Wednesday, February 22, 2017

In Praise of Gina Torres

The entertainment industry is exactly that, a business.  And it is a business where there isn’t a lot of longevity.  Even talented performers often find their employability flagging after one hit TV show or a couple of successful movie.  Not everyone can be Tom Cruise, whose track record from Risky Business in 1982 through Mission Impossible: Ghost Protocol in 2012 (his post-2012 productions—Jack Reacher, Oblivion, Edge of Tomorrow—show uncharacteristic missteps) was infallible.

It is even harder to maintain longevity when you don’t have a lot of long-lived projects on your resume.  Kelsey Grammer had a great run, but when you’re on Cheers for nine years and Fraiser for eleven, it’s easy to keep busy; or David Boreanaz, who played Angel for 8 years and has been on Bones for twelve, managed to work for two decades on only two jobs.  Some actors never have that security.

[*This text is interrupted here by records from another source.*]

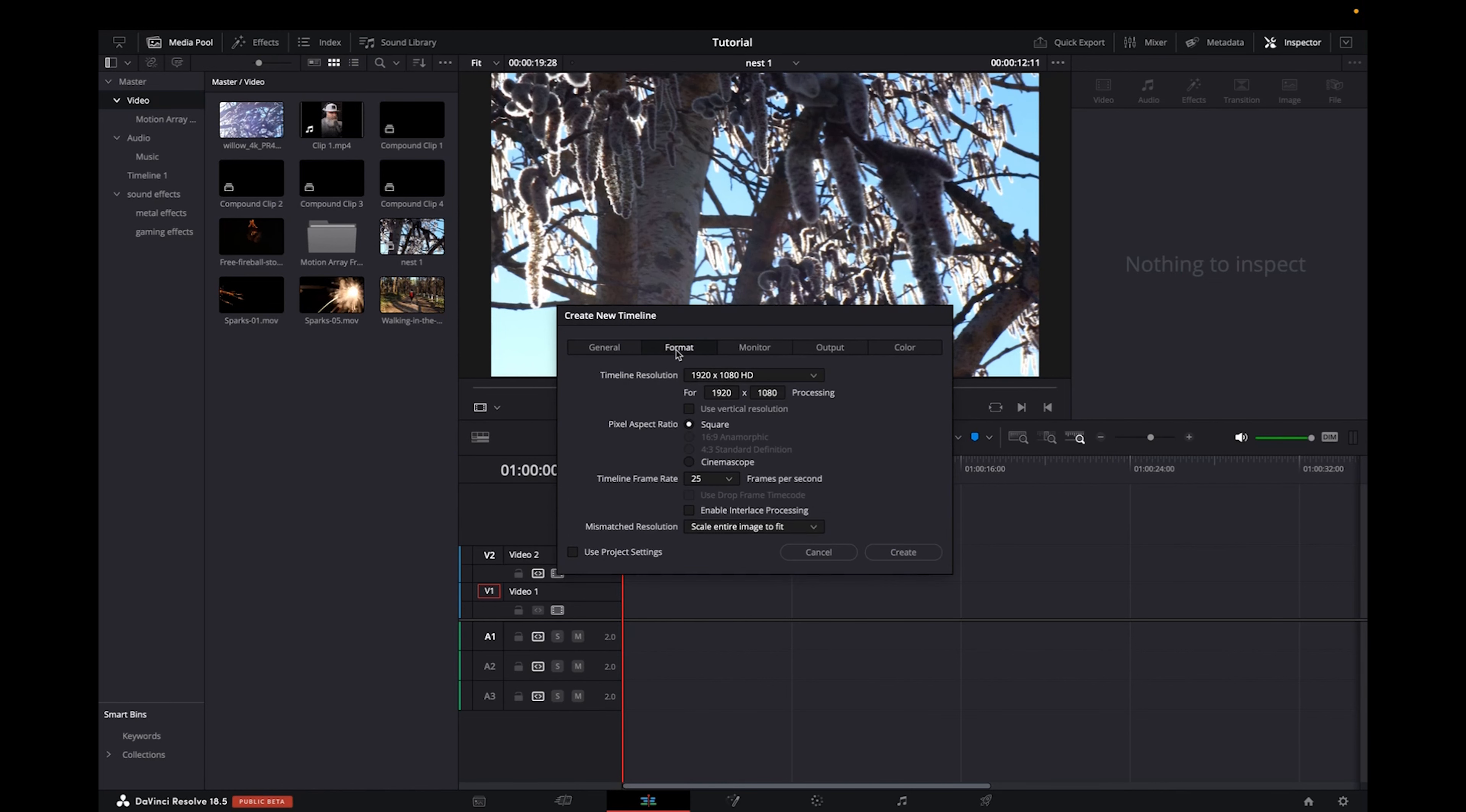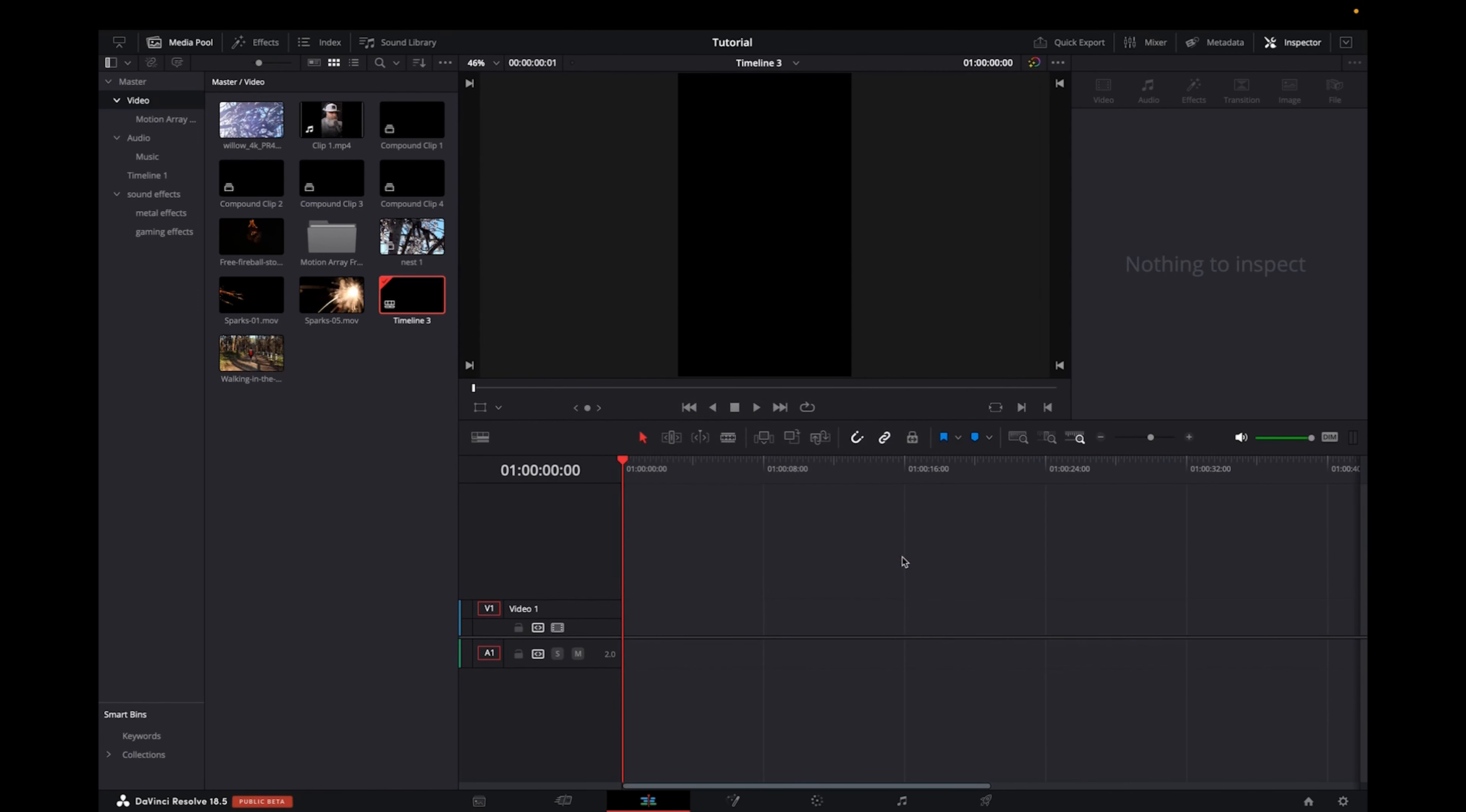We're going to click on format and then we're going to want it by 1080 and 1920. We're going to click create and now it's going to create the perfect size scale for TikTok.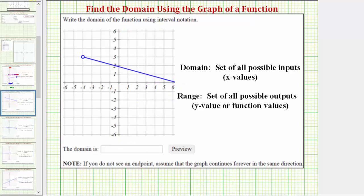Let's look at another example. Looking at the graph, again we assume it moves in this direction forever. Analyzing the graph from left to right, we can determine the domain. The leftmost point is this point here. Notice how now it's an open point, and at this open point the input value would be negative four. But because the point is open, negative four is not in the domain.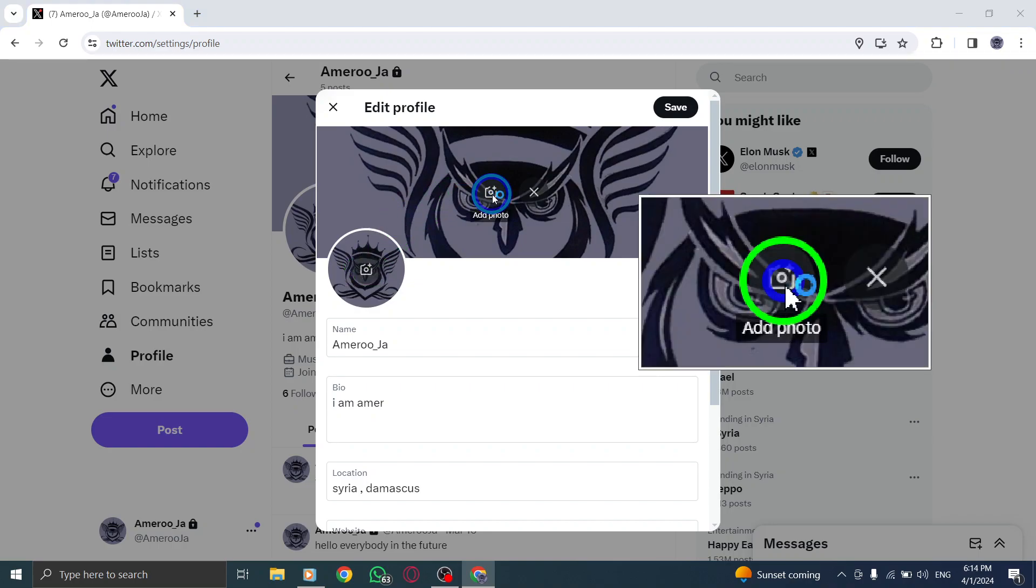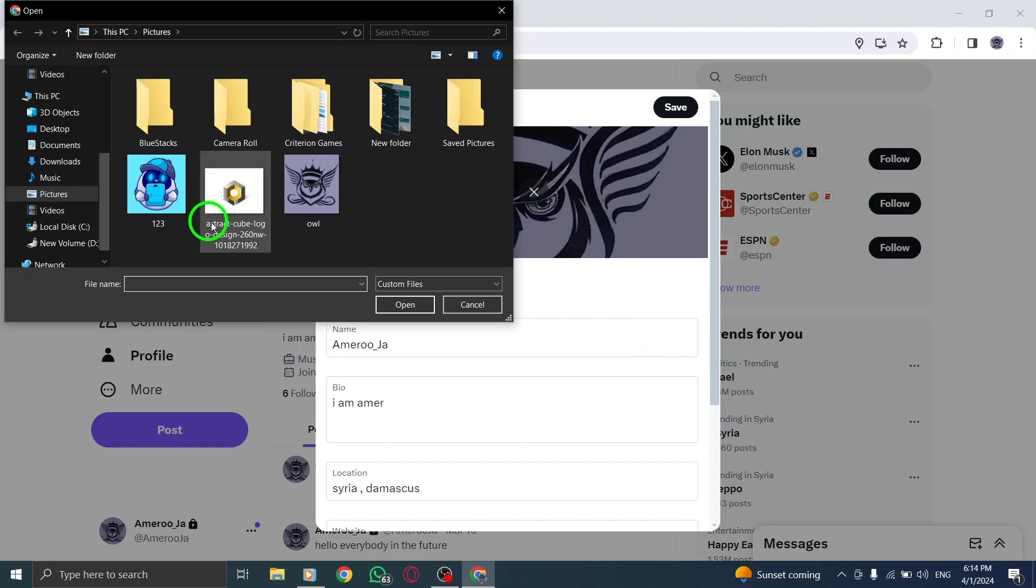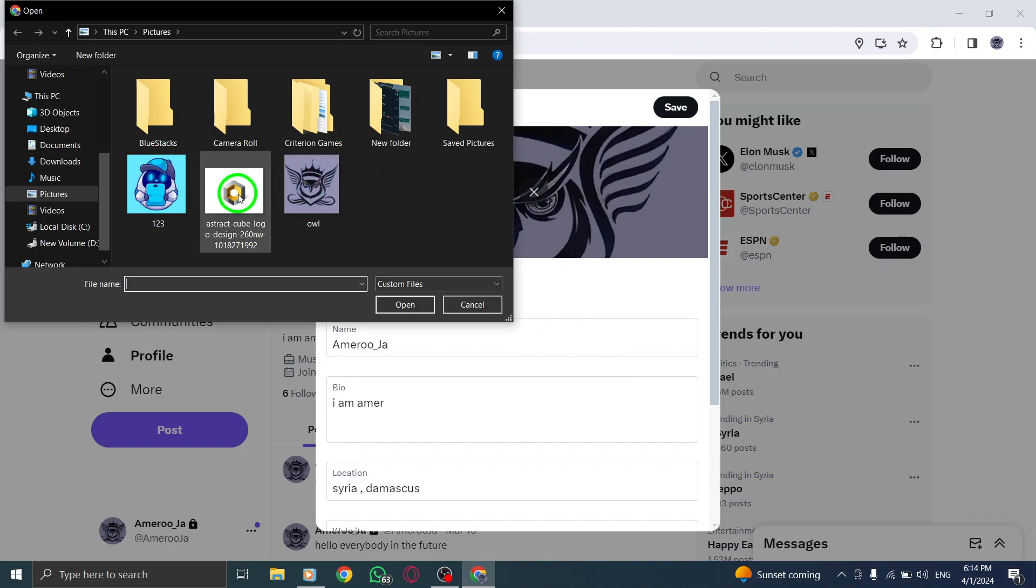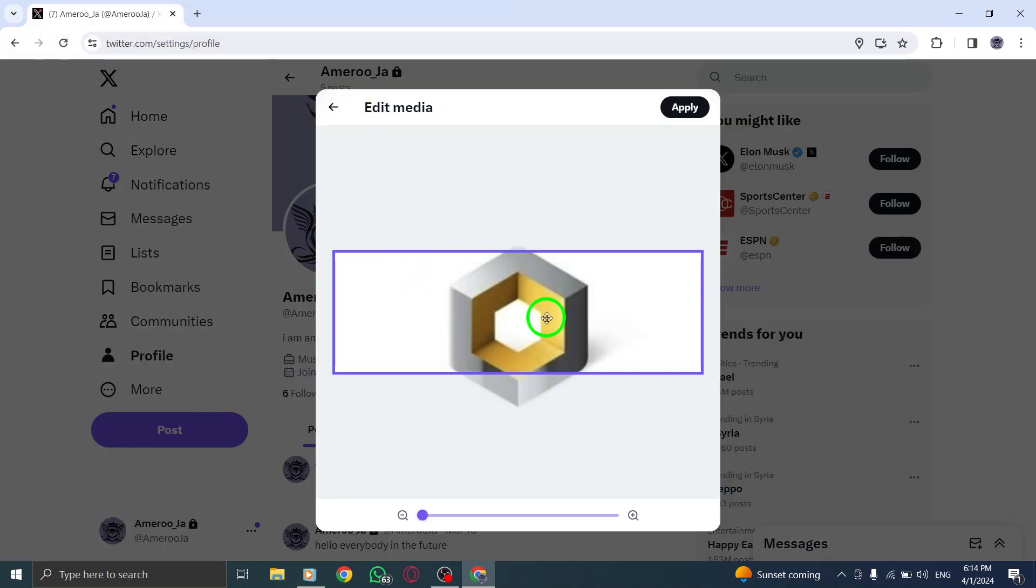Now, choose the Upload Photo option to select a new header image from your computer. After uploading the new header photo, make sure to adjust it as needed, and then tap on the Upload button to save the changes.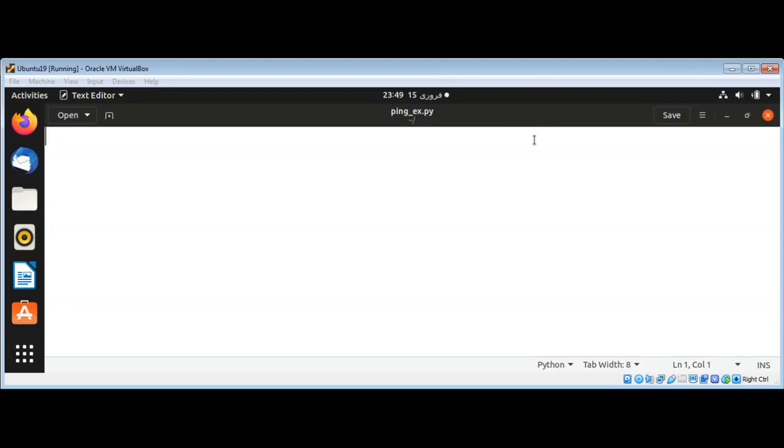In this video we will learn how to test the reachability of multiple hosts by sending a small package across the network by using ping in Python. First, I'm going to import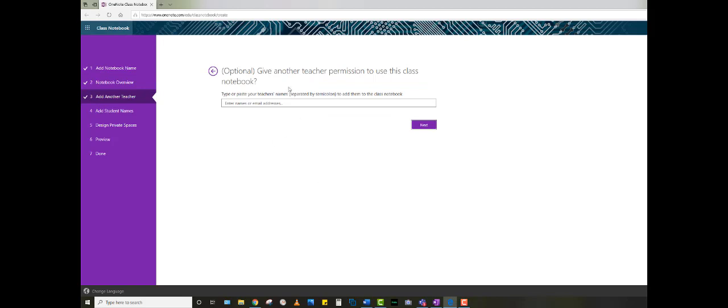You do have the ability to add another teacher to your notebook. If you're in a co-teach environment, it's a great idea to go ahead and add that, or you even add all the members of your grade level in your building, separated by a semicolon.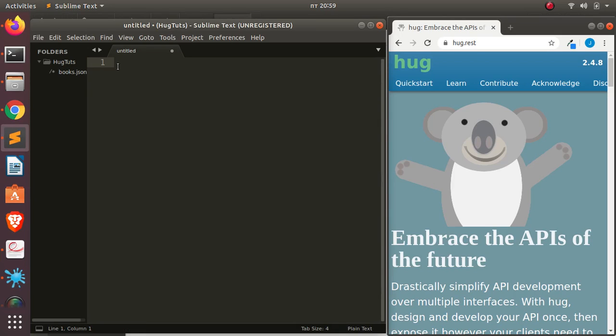Welcome back. My name is Jesse, and in this session we'll be trying to see how to build APIs with a very nice package called HAG. HAG is a very nice framework that allows you to build APIs, CLIs, and local packages.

Therefore what Gina Torres has accomplished is remarkable.  Her IMDB profile says she started acting in 1992, and she has kept busy for 25 years playing action heroes, evil entities, Cuban spies, and even lawyers.  The fact that she’s done all this while also being African-American, female, and gorgeous makes it that much more impressive.  Halle Berry is all that, but after she won an Oscar her career went nowhere; Torres never hit that height, but she’s been steadier.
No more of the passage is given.